LIH is based on the Transformer architecture. In the encoder, it employs single-head attention, while in the decoder, full-graph maxpooling is added as supplementary information.

Usage

You can run the following command lines to execute the code.

python train.py settings=lih_settings mode=train problem={problem} settings.module.T={T} settings.module.n_step_return={n_step_return}
python train.py settings=lih_settings mode=train problem=tsp
python train.py settings=lih_settings mode=train problem=tsp settings.module.T=200 settings.module.n_step_return=4
problem scale T n_step_return
tsp 20 200 4
50 200 4
100 200 4
cvrp 20 360 10
50 480 12
100 480 12

Tasks

Supported Tasks: TSP, CVRP

Required Data Generator:

Policy

main loop

  • LIH starts by randomly generating an initial solution. The neural network then selects a pair of nodes for the 2-opt operation to improve the solution iteratively.

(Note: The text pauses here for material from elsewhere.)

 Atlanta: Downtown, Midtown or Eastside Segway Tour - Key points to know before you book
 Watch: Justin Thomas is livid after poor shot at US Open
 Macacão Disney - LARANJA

  • In the CVRP problem, each node is represented by a 7-dimensional vector, formed by concatenating the previous node $x_{t-1}$, the current node $x_t$, the next node $x_{t+1}$, and the demand.

Training

LIH applies autoregressive reinforcement learning class ARREINFORCELightning() for training.

training paradigm

  • TSP is trained using the A2C algorithm.

  • CVRP is trained using the PPO algorithm

  • Both of the training processes apply multi-step discounted rewards to improve stability and learning efficiency.